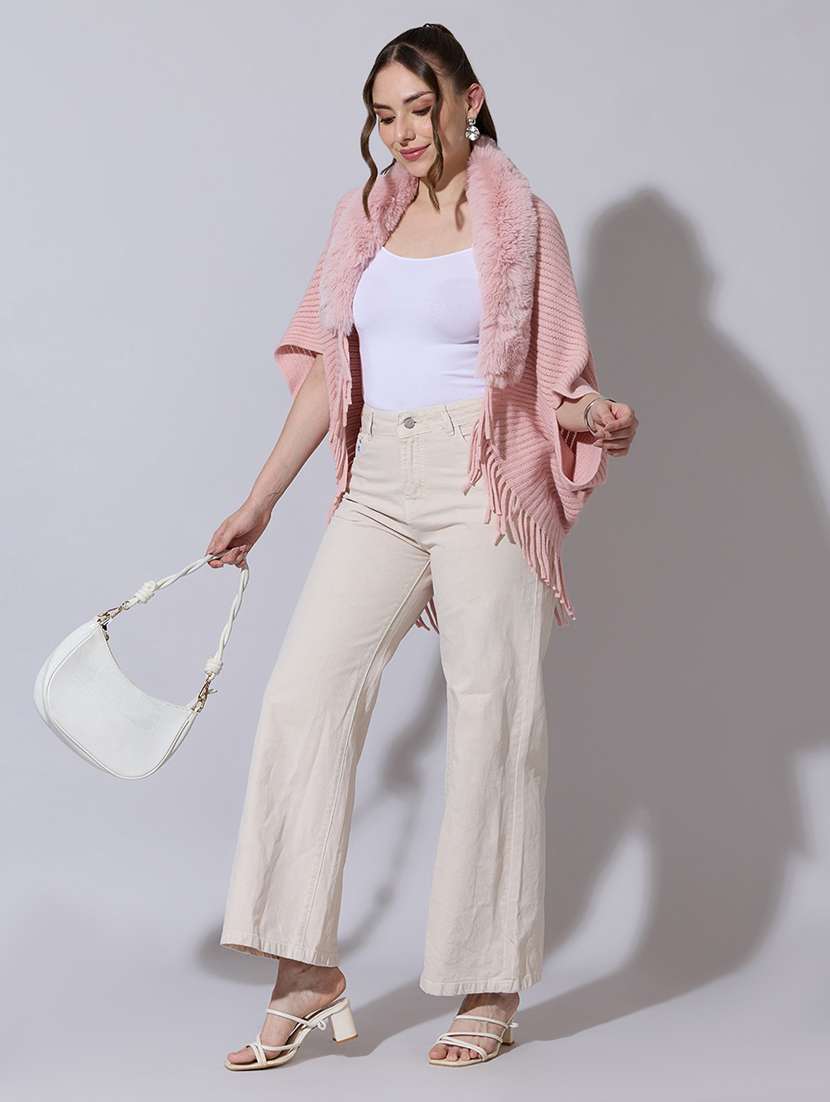 women solid fur detailed shrug - 22321802 -  Standard Image - 4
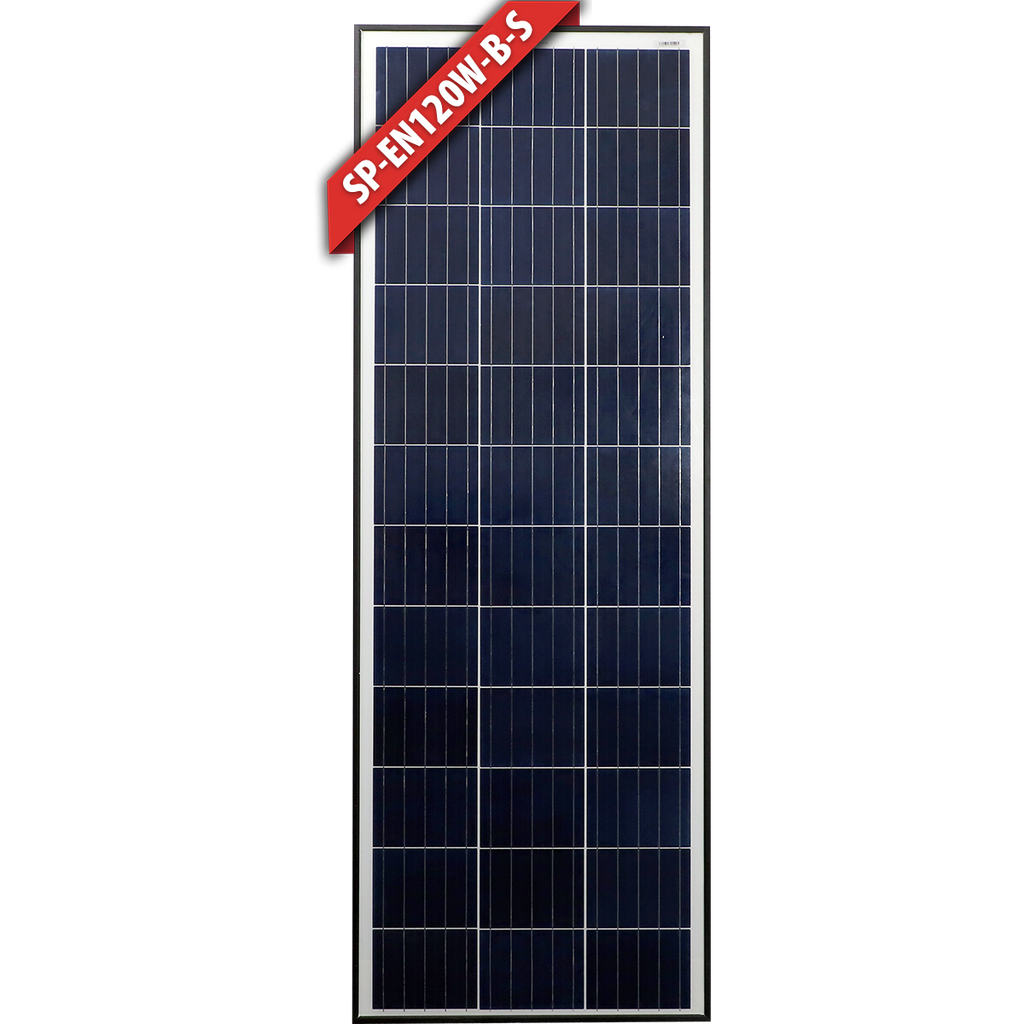 120W Slim Fixed Poly Solar Panel (Silver or Black Frame) - Silver
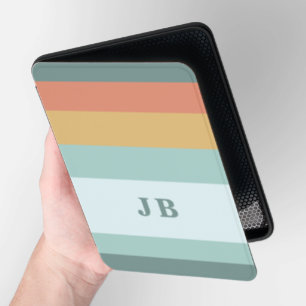 Blue Green Stripe Monogram Kindle Cover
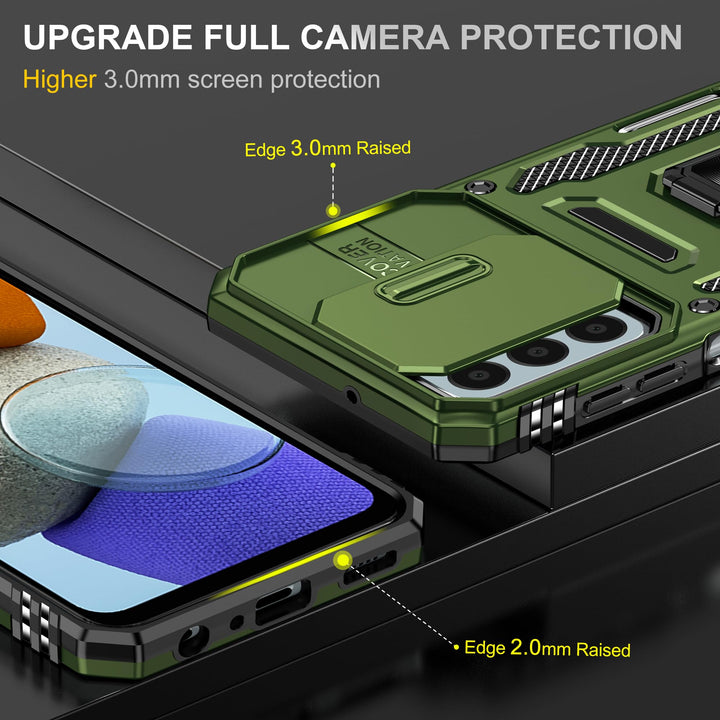 SunStory Phone Case for Samsung Galaxy A15 5G Case with HD Screen Protector & Slide Camera Cover & Rotated Ring Kickstand, [Military-Grade] Phone Case for Galaxy A15 5G (Red) - DOKUTRONIX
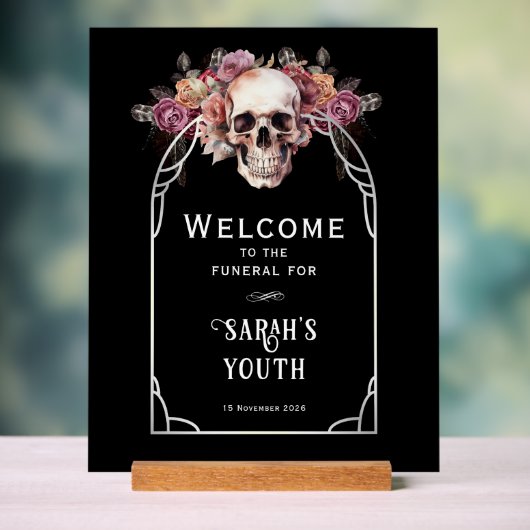 30e verjaardag begrafenis welkomstbord acryl bord (Neutraal)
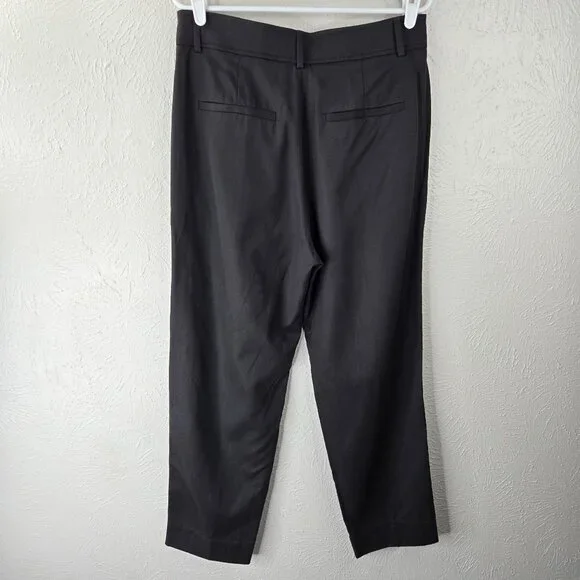Everlane Dress Pants 10 Black Minimalist Straight Relaxed High Waisted Trousers - Picture 2 of 12
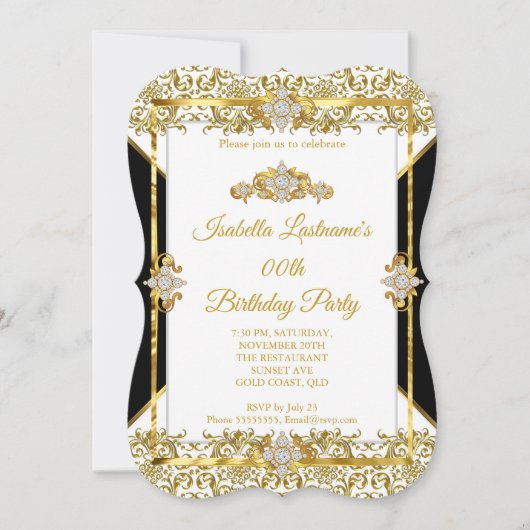 ダマスク金ゴールド白黒ダイヤモンドバースデーパーティー 招待状 (正面)
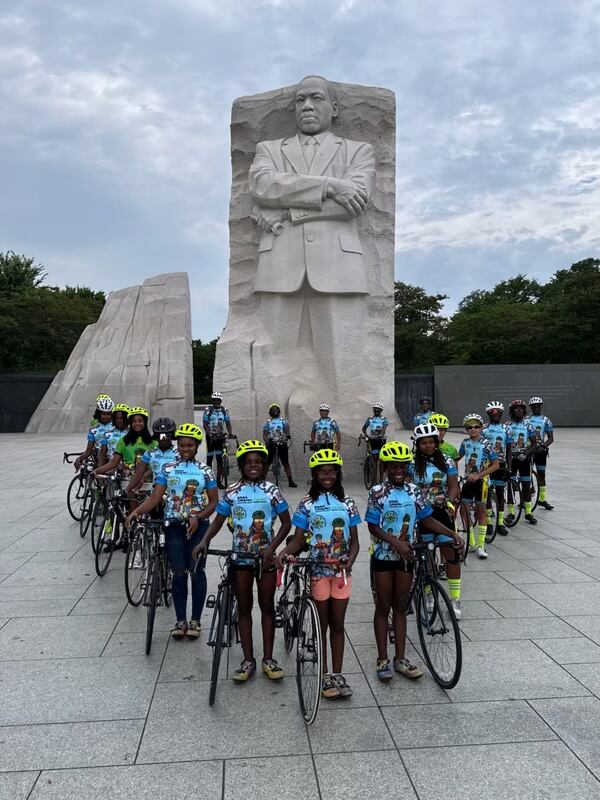 The BRAG Dream Team at the Martin Luther King, Jr. Memorial in Washington D.C. It was one of the stops along their epic ride on the East Coast Greenway from Miami to Maine in celebration of the group's 30th anniversary. Courtesy of the Dream Team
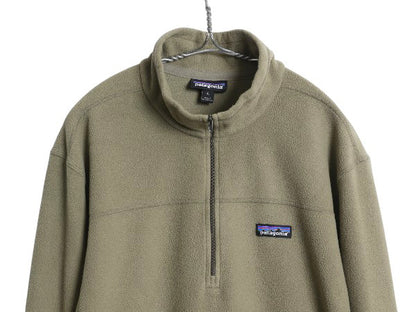 パタゴニア マイクロD ハーフジップ フリース プルオーバー メンズ XL / 古着 19年製 ロンT 長袖 Tシャツ ハイネック 大きいサイズ カーキ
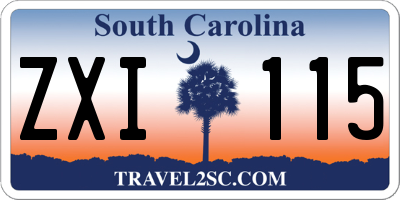 SC license plate ZXI115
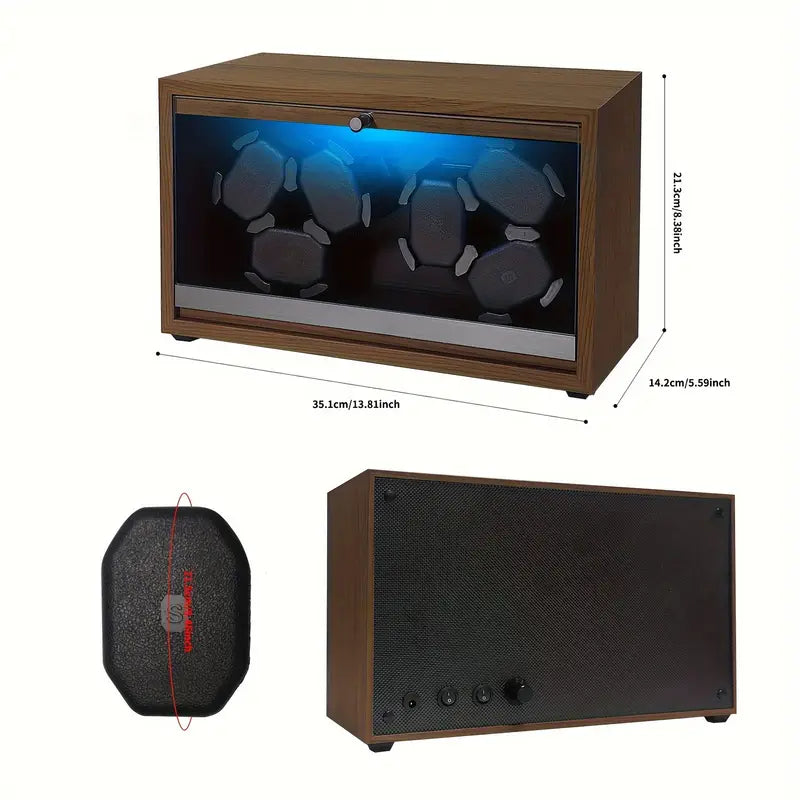 6 Unit Automatic Watch Winder Box - Wood - Demo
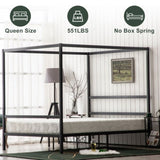 ZNTS Square Tube Mosquito Net Three Horizontal Head Single Horizontal Tail King Black Iron 40213445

EXERCISE
Print each line of the listing, starting at its first and ending with the line that holds "6 Unit Automatic", but skip any pictures.

EXERCISE RESULT
 women solid fur detailed shrug - 22321802 -  Standard Image - 4
 120W Slim Fixed Poly Solar Panel (Silver or Black Frame) - Silver
 Blue Green Stripe Monogram Kindle Cover
 SunStory Phone Case for Samsung Galaxy A15 5G Case with HD Screen Protector & Slide Camera Cover & Rotated Ring Kickstand, [Military-Grade] Phone Case for Galaxy A15 5G (Red) - DOKUTRONIX
 30e verjaardag begrafenis welkomstbord acryl bord (Neutraal)
Everlane Dress Pants 10 Black Minimalist Straight Relaxed High Waisted Trousers - Picture 2 of 12
 ダマスク金ゴールド白黒ダイヤモンドバースデーパーティー 招待状 (正面)
 The BRAG Dream Team at the Martin Luther King, Jr. Memorial in Washington D.C. It was one of the stops along their epic ride on the East Coast Greenway from Miami to Maine in celebration of the group's 30th anniversary. Courtesy of the Dream Team
 パタゴニア マイクロD ハーフジップ フリース プルオーバー メンズ XL / 古着 19年製 ロンT 長袖 Tシャツ ハイネック 大きいサイズ カーキ
 SC license plate ZXI115
 6 Unit Automatic Watch Winder Box - Wood - Demo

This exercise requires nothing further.